Rere jatuh cinta pada pria buta misterius yang dia temui di Sekolah luar biasa. Ketika mereka menjalin hubungan, Rere mendapati bahwa dirinya tengah mengandung. Saat hendak memberitahu itu pada sang kekasih. Dia justru dicampakkan, namun disitulah Rere mengetahui bahwa kekasihnya adalah Putra Mahkota Suin Serigala.
Sialnya... bayi dalam Kandungan Rere tidak akan bertahan jika jauh dari Ayahnya.
Karya ini diterbitkan atas izin NovelToon Zylan Rahrezi, isi konten hanyalah pandangan pribadi pembuatnya, tidak mewakili NovelToon sendiri
Penobatan Putri Mahkota
Bab 31-
Di dalam aula megah istana Taewon, Raja Arthur duduk di singgasananya dengan wibawa yang tak tergoyahkan. Sosoknya yang tinggi dan penuh karisma, memberikan aura seorang pemimpin yang dihormati sekaligus ditakuti. Namun, hari ini wajahnya dipenuhi ketegangan saat Tetua Vorbest, Robin De Vorbest, datang menghadap. Robin, dengan wajah yang merah padam, menyatakan ketidakpuasannya dengan nada yang penuh amarah.

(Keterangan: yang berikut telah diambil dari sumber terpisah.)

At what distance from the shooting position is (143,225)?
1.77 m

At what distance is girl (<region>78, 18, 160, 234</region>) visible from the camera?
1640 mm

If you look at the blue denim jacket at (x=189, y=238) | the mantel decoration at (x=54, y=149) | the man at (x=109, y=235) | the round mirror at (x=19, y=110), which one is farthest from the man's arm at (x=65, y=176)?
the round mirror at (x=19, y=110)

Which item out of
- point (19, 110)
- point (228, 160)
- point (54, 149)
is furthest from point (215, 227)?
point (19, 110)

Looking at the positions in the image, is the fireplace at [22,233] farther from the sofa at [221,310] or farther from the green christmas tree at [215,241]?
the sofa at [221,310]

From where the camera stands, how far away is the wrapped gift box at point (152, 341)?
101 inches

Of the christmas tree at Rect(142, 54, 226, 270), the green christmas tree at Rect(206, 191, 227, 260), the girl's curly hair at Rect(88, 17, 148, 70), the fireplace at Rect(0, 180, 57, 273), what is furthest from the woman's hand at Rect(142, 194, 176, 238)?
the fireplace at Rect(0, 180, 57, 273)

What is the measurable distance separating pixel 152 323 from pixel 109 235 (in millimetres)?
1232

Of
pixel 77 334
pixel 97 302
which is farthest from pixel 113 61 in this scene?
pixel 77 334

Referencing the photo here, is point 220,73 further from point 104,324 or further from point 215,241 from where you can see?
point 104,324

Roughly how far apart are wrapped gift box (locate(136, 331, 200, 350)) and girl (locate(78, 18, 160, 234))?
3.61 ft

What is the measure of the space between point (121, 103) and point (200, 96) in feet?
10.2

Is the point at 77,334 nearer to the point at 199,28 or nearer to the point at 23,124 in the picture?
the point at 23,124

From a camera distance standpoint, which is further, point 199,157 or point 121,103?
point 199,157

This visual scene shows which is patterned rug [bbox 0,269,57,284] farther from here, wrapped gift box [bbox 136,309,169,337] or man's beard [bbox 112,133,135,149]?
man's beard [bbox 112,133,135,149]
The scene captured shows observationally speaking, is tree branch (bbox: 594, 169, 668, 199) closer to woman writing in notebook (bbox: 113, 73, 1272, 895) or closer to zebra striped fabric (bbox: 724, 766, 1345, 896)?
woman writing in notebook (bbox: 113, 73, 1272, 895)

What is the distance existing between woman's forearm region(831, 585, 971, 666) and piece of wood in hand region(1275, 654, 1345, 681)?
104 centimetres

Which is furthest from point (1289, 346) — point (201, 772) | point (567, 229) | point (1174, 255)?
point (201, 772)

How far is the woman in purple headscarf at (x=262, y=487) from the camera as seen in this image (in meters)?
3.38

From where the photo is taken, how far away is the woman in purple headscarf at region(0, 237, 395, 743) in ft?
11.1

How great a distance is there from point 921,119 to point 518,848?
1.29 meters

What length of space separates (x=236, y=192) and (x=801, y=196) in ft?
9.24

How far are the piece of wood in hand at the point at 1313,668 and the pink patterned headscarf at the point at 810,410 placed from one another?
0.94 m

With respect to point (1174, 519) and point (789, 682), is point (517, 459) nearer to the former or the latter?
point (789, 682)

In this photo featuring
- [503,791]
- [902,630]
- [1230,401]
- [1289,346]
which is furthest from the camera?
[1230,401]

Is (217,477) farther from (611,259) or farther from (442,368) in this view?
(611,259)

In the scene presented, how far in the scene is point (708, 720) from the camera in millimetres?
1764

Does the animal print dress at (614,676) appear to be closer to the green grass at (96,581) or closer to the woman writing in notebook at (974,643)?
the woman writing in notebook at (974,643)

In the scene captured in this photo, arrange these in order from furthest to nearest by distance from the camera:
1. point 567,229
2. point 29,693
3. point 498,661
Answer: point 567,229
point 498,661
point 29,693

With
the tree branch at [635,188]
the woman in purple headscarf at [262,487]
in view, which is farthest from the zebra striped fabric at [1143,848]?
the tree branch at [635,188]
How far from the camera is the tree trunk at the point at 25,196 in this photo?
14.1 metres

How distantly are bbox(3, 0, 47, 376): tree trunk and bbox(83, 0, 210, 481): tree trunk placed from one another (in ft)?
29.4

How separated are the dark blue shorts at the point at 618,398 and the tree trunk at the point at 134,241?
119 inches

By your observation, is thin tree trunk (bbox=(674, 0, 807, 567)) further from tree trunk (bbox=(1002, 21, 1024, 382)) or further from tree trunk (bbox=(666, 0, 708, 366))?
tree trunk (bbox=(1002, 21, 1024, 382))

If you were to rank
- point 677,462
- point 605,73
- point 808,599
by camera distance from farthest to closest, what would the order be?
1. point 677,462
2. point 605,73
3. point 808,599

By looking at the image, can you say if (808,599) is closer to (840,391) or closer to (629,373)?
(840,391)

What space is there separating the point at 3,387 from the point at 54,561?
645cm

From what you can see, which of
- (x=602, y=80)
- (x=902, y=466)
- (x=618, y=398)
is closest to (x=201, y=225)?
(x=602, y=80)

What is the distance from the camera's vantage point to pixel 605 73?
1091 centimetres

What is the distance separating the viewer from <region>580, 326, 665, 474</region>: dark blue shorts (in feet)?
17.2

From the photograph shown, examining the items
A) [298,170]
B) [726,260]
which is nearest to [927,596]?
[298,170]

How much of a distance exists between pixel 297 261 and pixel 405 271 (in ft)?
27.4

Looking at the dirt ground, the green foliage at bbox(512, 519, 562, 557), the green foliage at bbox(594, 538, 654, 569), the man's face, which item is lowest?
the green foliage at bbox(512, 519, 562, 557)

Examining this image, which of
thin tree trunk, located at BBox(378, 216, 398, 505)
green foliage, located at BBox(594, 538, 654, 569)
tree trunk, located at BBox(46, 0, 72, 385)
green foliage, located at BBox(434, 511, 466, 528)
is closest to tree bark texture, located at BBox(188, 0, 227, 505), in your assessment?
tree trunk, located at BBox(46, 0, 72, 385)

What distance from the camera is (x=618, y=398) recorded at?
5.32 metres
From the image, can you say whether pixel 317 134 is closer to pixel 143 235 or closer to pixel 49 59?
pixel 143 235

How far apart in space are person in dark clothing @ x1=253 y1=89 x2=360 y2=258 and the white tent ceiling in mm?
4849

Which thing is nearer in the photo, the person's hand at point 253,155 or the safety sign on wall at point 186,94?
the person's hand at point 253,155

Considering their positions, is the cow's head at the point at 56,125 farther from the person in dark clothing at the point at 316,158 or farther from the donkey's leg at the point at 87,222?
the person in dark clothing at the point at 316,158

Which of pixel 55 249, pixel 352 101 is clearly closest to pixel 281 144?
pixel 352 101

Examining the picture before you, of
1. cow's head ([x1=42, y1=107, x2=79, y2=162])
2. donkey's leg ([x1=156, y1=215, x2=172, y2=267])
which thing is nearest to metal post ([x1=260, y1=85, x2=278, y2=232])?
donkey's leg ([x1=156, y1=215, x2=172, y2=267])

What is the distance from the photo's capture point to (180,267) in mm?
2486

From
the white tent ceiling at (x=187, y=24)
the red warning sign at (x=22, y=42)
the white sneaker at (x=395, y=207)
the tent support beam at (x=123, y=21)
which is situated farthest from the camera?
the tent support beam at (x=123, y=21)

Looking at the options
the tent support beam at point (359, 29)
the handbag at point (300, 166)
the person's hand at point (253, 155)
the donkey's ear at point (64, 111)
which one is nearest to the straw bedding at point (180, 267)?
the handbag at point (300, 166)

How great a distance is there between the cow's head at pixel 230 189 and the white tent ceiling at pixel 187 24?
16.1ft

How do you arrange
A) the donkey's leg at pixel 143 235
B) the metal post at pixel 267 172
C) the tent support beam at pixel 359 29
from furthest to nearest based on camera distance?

"Bagaimana mungkin, Yang Mulia, sampai sekarang belum ada pemilihan resmi untuk menunjuk Putri Mahkota? Keluarga kami, khususnya Areum, telah siap untuk posisi tersebut," Robin memulai dengan tegas, suaranya menggema di seluruh aula.
Raja Arthur mengerutkan kening. la memandang Robin dengan mata yang tajam, jelas-jelas tidak terintimidasi oleh kemarahan Tetua Vorbest.
"Tetua Robin, apakah Anda mempertanyakan otoritas saya?" suara Arthur tenang, namun dingin. "Posisi Putri Mahkota bukanlah sesuatu yang bisa diperebutkan melalui pemilihan. Itu keputusan yang diambil dengan pertimbangan matang, bukan ambisi semata."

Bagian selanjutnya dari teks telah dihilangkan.